» Assignment
Copy out exactly the lines below that run from the one holding "I am Sustainer (AW) - Your Turn Games" to the one holding "Item preview, happy", keeping both of those lines and no others.

» Data records
□ □ □ □ □

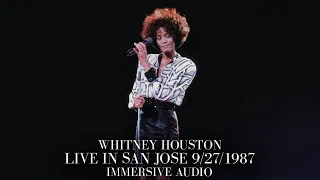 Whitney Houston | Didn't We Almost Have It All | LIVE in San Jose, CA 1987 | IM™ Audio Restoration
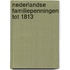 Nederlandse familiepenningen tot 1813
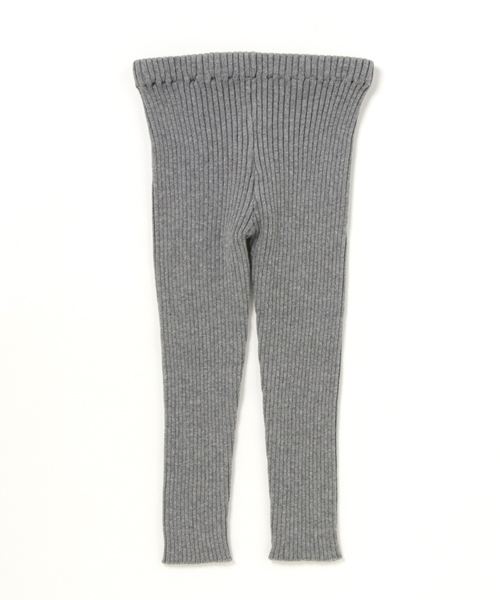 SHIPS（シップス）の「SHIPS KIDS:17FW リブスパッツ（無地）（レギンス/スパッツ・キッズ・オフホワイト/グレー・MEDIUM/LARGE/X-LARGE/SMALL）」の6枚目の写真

□ □ □ □ □

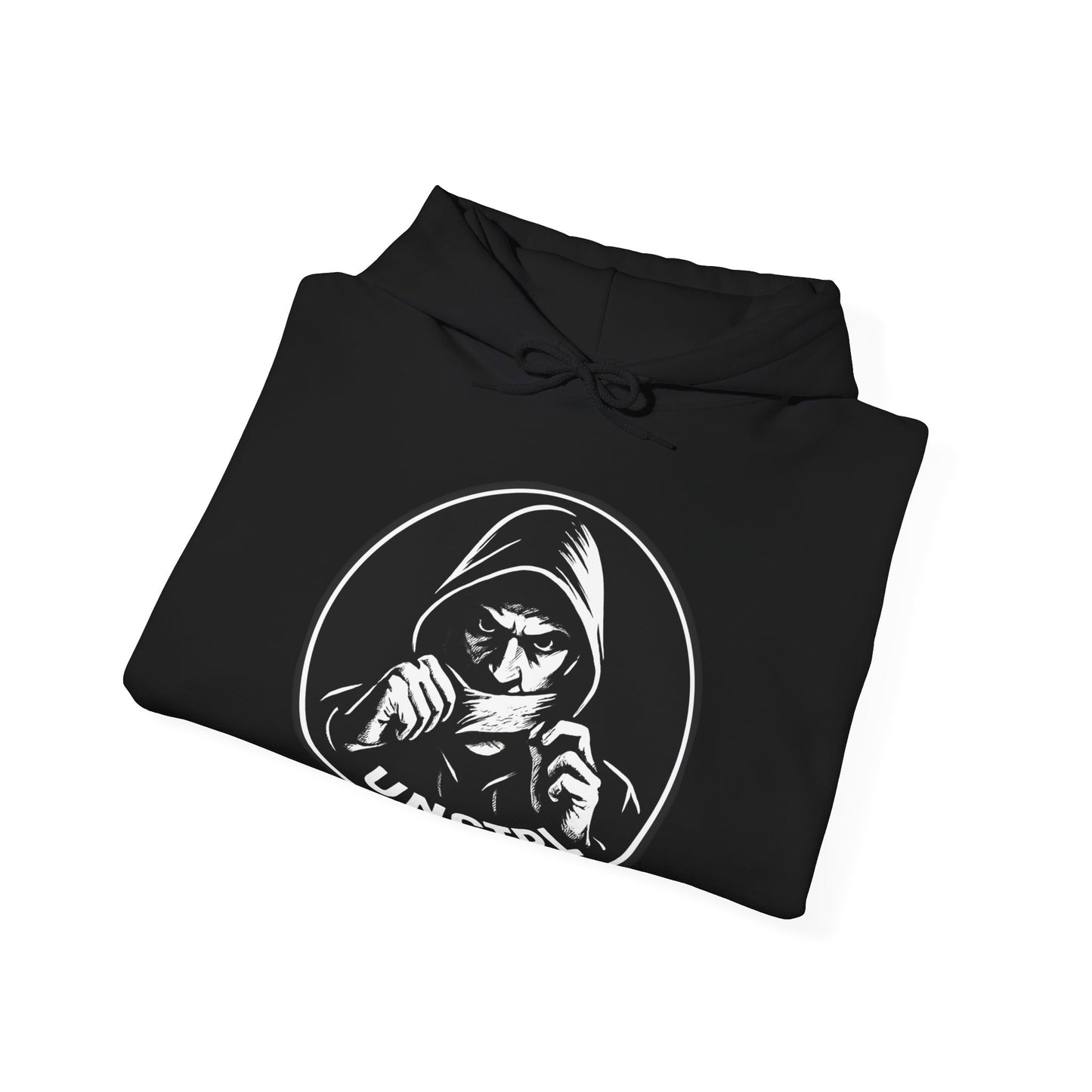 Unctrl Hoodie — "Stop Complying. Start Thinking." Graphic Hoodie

□ □ □ □ □

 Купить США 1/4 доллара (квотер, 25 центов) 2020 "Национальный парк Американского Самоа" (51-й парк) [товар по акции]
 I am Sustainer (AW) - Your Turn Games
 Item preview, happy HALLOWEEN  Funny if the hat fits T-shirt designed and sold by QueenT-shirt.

□ □ □ □ □

» Written response
 I am Sustainer (AW) - Your Turn Games
 Item preview, happy HALLOWEEN  Funny if the hat fits T-shirt designed and sold by QueenT-shirt.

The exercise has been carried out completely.